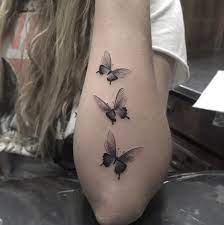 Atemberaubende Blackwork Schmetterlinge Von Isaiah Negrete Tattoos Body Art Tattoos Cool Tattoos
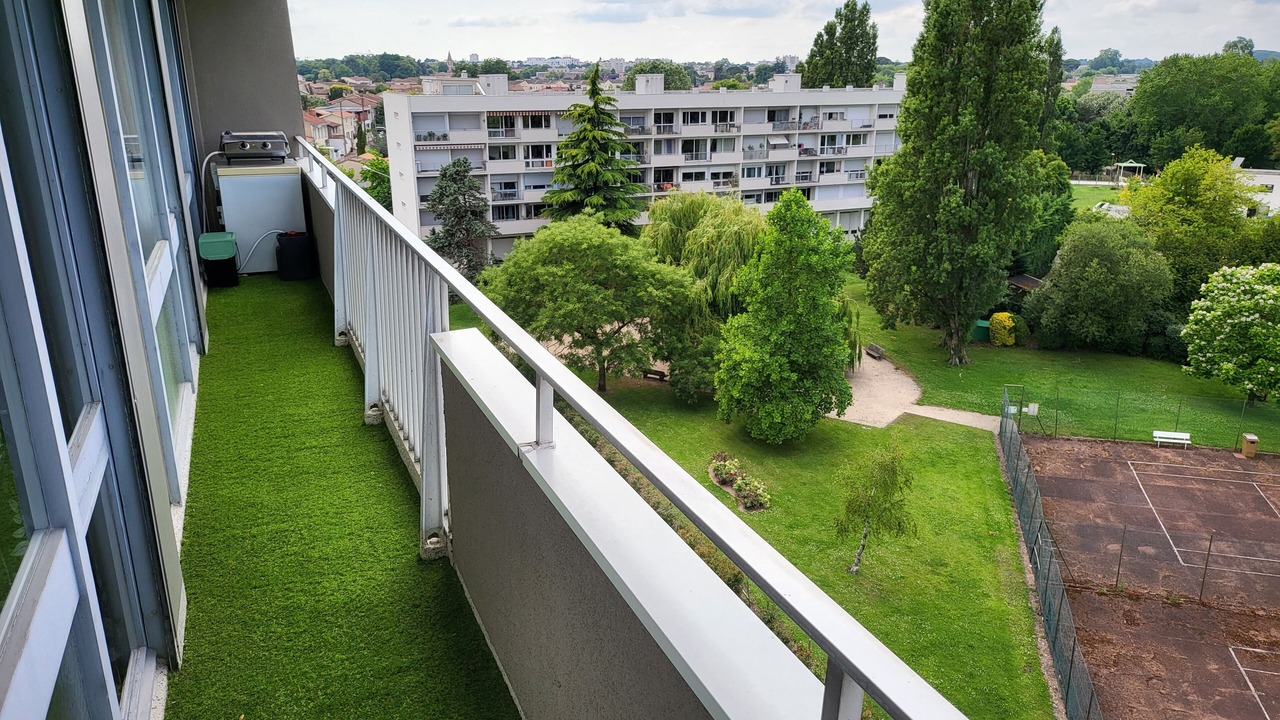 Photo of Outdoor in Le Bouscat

_____

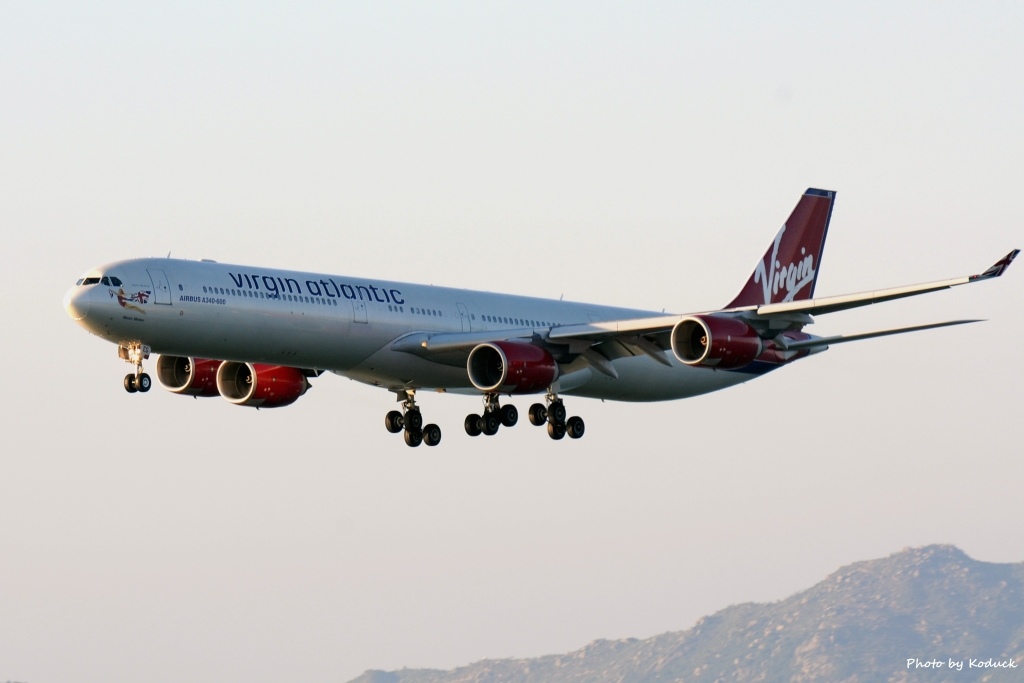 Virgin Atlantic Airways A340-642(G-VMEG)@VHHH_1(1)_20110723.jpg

_____

Exercise description:
Once the line with "Atemberaubende Blackwork Schmetterlinge" is found in the data above, reproduce it and each line after it exactly, through the line with "Photo of Outdoor in Le Bouscat". Omit the pictures.

Output for this task:
 Atemberaubende Blackwork Schmetterlinge Von Isaiah Negrete Tattoos Body Art Tattoos Cool Tattoos
 Photo of Outdoor in Le Bouscat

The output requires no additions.